MATERIAL SUPPLIED =>

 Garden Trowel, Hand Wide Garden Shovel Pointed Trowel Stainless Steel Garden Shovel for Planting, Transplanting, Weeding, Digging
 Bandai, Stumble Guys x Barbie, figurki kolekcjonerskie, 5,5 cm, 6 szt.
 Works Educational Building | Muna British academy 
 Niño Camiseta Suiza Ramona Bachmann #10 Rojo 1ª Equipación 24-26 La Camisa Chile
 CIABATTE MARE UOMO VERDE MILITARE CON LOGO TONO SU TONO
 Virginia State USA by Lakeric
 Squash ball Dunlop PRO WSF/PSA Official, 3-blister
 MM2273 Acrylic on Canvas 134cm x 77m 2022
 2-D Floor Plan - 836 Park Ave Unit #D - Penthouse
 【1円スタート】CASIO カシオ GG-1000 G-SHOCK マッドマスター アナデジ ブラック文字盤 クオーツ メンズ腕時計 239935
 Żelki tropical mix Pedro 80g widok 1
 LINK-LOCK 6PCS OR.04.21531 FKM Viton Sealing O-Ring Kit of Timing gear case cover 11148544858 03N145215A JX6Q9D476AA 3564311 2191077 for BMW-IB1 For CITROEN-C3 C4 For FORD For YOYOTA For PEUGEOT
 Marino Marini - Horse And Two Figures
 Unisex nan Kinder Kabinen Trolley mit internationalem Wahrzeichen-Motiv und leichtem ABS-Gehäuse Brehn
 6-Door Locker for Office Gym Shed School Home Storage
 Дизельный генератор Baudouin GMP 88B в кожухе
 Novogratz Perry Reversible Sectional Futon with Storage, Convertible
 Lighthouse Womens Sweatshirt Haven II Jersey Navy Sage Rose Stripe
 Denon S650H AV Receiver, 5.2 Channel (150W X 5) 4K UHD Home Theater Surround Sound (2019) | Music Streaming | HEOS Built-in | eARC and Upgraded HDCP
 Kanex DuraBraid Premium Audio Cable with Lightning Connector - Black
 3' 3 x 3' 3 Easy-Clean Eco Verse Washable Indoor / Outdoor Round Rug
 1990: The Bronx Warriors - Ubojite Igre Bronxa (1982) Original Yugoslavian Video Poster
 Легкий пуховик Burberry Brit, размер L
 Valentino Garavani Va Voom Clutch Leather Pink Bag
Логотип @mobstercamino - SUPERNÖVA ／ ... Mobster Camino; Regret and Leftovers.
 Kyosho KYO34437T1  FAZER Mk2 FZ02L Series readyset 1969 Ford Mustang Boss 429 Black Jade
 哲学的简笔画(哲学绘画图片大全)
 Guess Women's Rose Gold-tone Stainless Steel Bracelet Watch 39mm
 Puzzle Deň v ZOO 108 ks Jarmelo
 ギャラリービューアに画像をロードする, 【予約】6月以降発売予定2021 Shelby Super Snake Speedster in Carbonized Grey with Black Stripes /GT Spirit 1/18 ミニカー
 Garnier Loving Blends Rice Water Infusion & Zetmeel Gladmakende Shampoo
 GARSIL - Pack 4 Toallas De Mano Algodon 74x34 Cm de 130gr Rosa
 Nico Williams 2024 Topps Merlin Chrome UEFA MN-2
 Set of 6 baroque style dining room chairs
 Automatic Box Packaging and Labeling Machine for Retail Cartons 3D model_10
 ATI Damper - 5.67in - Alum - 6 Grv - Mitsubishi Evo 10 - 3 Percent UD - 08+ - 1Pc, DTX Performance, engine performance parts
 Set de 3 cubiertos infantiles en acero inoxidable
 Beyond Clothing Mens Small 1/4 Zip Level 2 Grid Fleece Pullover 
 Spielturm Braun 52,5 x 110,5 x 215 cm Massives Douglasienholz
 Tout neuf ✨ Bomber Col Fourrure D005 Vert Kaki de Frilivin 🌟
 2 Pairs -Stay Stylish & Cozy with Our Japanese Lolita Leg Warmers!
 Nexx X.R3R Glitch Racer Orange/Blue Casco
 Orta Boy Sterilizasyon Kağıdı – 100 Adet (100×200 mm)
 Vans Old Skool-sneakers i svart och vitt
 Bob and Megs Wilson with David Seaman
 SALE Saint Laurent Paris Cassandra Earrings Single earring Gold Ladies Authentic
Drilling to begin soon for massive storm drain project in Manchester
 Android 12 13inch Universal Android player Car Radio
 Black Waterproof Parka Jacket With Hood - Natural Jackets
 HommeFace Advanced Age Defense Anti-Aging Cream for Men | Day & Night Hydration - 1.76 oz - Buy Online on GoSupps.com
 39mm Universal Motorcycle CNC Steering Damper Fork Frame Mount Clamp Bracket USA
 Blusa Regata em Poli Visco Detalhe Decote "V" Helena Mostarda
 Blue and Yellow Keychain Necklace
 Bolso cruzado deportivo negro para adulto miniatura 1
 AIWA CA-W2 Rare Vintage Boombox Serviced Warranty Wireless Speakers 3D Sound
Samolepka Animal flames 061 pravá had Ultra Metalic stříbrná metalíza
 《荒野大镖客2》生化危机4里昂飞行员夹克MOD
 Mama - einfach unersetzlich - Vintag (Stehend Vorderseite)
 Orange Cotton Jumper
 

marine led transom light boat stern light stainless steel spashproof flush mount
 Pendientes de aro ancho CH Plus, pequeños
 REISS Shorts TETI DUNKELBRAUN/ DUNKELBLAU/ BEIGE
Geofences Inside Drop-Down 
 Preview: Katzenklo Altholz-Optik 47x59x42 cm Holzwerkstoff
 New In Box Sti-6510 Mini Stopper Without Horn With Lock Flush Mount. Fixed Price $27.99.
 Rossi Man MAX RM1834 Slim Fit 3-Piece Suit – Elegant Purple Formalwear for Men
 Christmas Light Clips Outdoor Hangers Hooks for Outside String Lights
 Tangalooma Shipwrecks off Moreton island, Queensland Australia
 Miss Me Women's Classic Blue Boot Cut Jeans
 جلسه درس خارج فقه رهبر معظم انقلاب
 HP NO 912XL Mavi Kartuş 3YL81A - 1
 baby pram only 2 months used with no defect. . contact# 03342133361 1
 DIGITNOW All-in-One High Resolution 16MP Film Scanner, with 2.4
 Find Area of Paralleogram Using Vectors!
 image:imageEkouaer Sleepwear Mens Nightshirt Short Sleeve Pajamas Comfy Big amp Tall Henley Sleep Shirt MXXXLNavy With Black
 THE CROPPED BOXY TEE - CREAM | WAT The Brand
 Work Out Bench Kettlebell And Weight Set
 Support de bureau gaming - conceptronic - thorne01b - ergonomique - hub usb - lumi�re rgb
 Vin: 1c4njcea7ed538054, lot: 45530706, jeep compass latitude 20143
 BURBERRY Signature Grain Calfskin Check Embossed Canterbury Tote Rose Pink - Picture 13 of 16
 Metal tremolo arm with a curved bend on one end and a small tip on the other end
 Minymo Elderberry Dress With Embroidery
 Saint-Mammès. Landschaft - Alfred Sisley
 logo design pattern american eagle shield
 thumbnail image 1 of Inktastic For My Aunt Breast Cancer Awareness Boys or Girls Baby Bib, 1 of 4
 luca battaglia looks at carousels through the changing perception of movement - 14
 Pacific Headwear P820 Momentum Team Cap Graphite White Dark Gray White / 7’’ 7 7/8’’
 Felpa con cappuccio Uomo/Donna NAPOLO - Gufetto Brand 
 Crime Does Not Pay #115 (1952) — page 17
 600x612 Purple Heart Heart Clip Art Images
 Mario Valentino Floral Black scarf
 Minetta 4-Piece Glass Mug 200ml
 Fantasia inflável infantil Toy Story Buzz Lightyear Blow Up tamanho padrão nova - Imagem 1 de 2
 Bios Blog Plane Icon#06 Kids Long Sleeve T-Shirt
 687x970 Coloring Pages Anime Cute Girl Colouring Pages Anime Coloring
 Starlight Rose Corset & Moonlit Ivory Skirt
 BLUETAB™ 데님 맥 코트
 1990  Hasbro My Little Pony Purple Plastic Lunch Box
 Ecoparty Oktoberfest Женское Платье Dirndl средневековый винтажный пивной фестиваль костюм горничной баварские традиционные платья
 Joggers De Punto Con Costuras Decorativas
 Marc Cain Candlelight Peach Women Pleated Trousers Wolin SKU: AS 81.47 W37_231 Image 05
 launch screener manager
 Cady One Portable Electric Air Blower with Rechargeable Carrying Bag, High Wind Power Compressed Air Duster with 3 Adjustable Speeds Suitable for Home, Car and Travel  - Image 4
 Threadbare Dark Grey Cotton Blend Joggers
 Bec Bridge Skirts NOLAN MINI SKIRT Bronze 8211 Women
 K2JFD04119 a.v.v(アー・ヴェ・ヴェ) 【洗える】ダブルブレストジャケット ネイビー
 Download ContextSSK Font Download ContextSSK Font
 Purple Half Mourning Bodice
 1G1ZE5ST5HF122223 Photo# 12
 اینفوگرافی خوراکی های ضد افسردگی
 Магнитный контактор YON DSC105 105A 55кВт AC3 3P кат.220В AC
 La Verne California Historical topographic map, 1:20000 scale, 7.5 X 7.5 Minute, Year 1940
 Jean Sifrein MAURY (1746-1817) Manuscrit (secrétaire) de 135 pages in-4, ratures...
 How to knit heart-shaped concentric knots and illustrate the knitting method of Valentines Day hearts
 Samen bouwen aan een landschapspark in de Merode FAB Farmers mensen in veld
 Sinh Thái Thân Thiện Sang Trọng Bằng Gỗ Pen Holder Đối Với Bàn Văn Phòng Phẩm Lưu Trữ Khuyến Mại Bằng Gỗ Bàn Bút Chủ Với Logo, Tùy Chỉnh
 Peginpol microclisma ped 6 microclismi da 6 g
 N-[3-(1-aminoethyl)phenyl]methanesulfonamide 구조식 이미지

WHAT THE EXERCISE ASKS =>
Copy the records above exactly, from the first line through the line containing "Virginia State USA by Lakeric", and include nothing else.

RESULT OF THIS EXERCISE =>
 Garden Trowel, Hand Wide Garden Shovel Pointed Trowel Stainless Steel Garden Shovel for Planting, Transplanting, Weeding, Digging
 Bandai, Stumble Guys x Barbie, figurki kolekcjonerskie, 5,5 cm, 6 szt.
 Works Educational Building | Muna British academy 
 Niño Camiseta Suiza Ramona Bachmann #10 Rojo 1ª Equipación 24-26 La Camisa Chile
 CIABATTE MARE UOMO VERDE MILITARE CON LOGO TONO SU TONO
 Virginia State USA by Lakeric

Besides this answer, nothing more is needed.